|Sara Maule of Nino Negri at Caracol in Houston w/wine director Sean Beck|
First, go to as many public (or trade) events as possible to talk with the winemaker and taste their wine. Just like anything, practice is paramount. Taste everything you can. Make notes and find a way to catalog them. In Houston, two wine buyers, Antonio Gianola and Sean Beck, have taken their wine notes to a high level. In the case of Antonio, he has a photographic memory. He keeps his notes in small booklets and refers to them when needed. Sean, who oversees wine programs at four restaurants in Houston, now takes his notes on an IPad. He uses key words so he can search back on them when he is looking for some specific wine. These two gents have set an example worth following. And while not all of us are blessed to have a memory like Antonio or an insatiable curiosity like Sean, again, the key word is practice.
|Sara Maule (L) pours Vigna Fracia to Mai Pham (R) at |
Houston Wine Merchant (w/Antonio Gianola in background)
|Photo - courtesy of Italian Wine Central|
|Photo - courtesy of Michael Horne's Dall'Uva|
|Still from Geoff Kruth and Guild Somm's "The Wines of Barolo and Barbaresco"|
If you want to get visceral and do some actual work in the fields, there are opportunities. One special one coming up in a few weeks is part 2 of the Scuola pratica di antica viticoltura Etnea - School of applied traditional Etnean viticulture that Salvo Foti and Maurizio Pagano hold on Etna. The course is divided into three modules, January- Module 1: Preparation and Regeneration/March- Module 2: Rebirth/June- Module 3: Preparing for Fruition.
|Salvo Foti and Maurizio Pagano lead the Etna viticultural sessions|
What the hands on experience offers is the visceral connection.
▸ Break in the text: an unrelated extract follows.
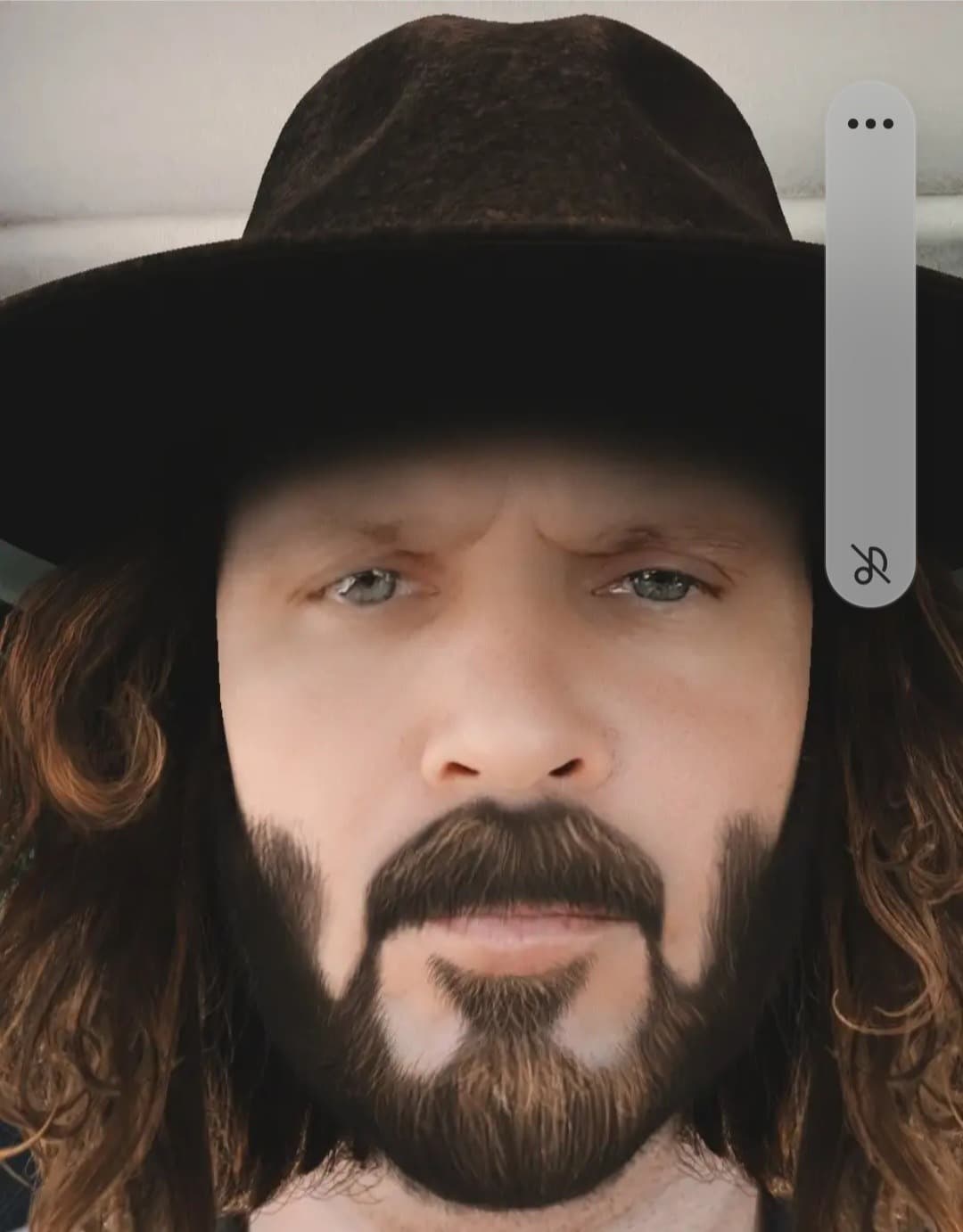 Profil de Kalvin, 25 ans, Rencontre célibataire à Herlisberg (Lucerne)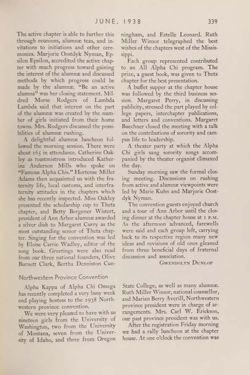 1937-1938_Vol_41 page 340.jpg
You are in it, on it, it’s all around you. You are steeped in the terroir and that leaves a lasting impression. Etna isn’t the only place, but this is full immersion in a way one can only dream of.
This is just the tip of the many opportunities one can have to learn more about Italian wine. Consider these few suggestion from my list of shortcuts to getting to understanding Italian wine better.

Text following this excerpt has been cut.